From 9f29fb1697956e61a9813e05cc82555eee062fda Mon Sep 17 00:00:00 2001
From: CoderDeltaLAN <CoderDeltaLAN@users.noreply.github.com>
Date: Wed, 17 Jun 2026 05:39:53 +0100
Subject: [PATCH] fix: report unreadable instruction files

---
 CHANGELOG.md                      |  1 +
 README.md                         |  1 +
 docs/RULES.md                     | 25 +++++++++++++----
 src/agent_rules_kit/governance.py | 46 ++++++++++++++++++++++++++-----
 tests/test_cli.py                 | 21 ++++++++++++++
 tests/test_governance.py          | 34 +++++++++++++++++++++++
 6 files changed, 115 insertions(+), 13 deletions(-)

diff --git a/CHANGELOG.md b/CHANGELOG.md
index c4b8d75..74f2b4b 100644
--- a/CHANGELOG.md
+++ b/CHANGELOG.md
@@ -13,6 +13,7 @@ This project has a published GitHub Release line, but no stable support or API g
 
 ### Fixed
 
+- Report non-UTF-8 supported instruction files as `AIRK-SYS001` findings instead of silently skipping governance analysis.
 - Updated generated `AGENTS.md` baseline content so `init --write` no longer creates instructions that fail the current governance scope or authority check.
 - Fixed secret redaction pattern order so Anthropic-style `sk-ant-` keys match the specific Anthropic pattern before the generic `sk-` pattern.
 - Tightened governance regex coverage for review/CI bypass, unsafe command guidance, and runtime network or LLM dependency findings.
diff --git a/README.md b/README.md
index 7a7a891..a3bfdac 100644
--- a/README.md
+++ b/README.md
@@ -150,6 +150,7 @@ Current `main` evaluates the following governance finding rules, in stable evalu
 
 | Rule | Severity | Purpose |
 | --- | --- | --- |
+| `AIRK-SYS001` | `warning` | Flags supported instruction files that cannot be analyzed as UTF-8. |
 | `AIRK-GOV006` | `warning` | Flags unsupported security, production-readiness, or maturity claims. |
 | `AIRK-GOV003` | `warning` | Flags guidance that appears to bypass review, CI, PRs, or safe integration. |
 | `AIRK-GOV004` | `warning` | Flags unsafe command execution guidance without an explicit confirmation boundary. |
diff --git a/docs/RULES.md b/docs/RULES.md
index 3e1a14b..b59ed74 100644
--- a/docs/RULES.md
+++ b/docs/RULES.md
@@ -24,17 +24,30 @@ Governance findings do not execute repository commands, call external APIs, call
 
 Current `main` evaluates governance findings in this order:
 
-1. `AIRK-GOV006` — unsupported security or maturity claim.

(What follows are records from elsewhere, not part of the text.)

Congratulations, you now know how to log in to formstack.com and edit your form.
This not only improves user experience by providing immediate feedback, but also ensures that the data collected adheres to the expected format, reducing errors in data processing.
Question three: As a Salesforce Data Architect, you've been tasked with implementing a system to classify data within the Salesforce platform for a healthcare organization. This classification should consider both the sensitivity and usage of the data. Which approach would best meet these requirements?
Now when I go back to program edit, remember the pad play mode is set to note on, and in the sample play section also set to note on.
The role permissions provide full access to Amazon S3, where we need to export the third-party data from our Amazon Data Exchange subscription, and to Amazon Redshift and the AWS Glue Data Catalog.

-2. `AIRK-GOV003` — review or CI bypass guidance.
-3. `AIRK-GOV004` — unsafe command execution guidance.
-4. `AIRK-GOV005` — runtime network or LLM dependency guidance.
-5. `AIRK-GOV002` — missing secret-handling boundary.

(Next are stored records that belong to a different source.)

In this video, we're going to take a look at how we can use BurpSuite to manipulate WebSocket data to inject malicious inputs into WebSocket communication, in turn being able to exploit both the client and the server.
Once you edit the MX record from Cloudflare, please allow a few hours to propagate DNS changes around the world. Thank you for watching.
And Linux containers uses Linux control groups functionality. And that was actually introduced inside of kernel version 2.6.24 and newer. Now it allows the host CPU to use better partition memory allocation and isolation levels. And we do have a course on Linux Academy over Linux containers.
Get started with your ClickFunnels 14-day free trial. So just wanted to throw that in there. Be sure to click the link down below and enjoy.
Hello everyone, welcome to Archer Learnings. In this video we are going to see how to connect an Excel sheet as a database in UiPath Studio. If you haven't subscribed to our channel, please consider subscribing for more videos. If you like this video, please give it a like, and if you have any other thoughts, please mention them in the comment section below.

-6. `AIRK-GOV001` — missing instruction scope or authority.
+1. `AIRK-SYS001` — unreadable supported instruction file.
+2. `AIRK-GOV006` — unsupported security or maturity claim.
+3. `AIRK-GOV003` — review or CI bypass guidance.
+4. `AIRK-GOV004` — unsafe command execution guidance.
+5. `AIRK-GOV005` — runtime network or LLM dependency guidance.
+6. `AIRK-GOV002` — missing secret-handling boundary.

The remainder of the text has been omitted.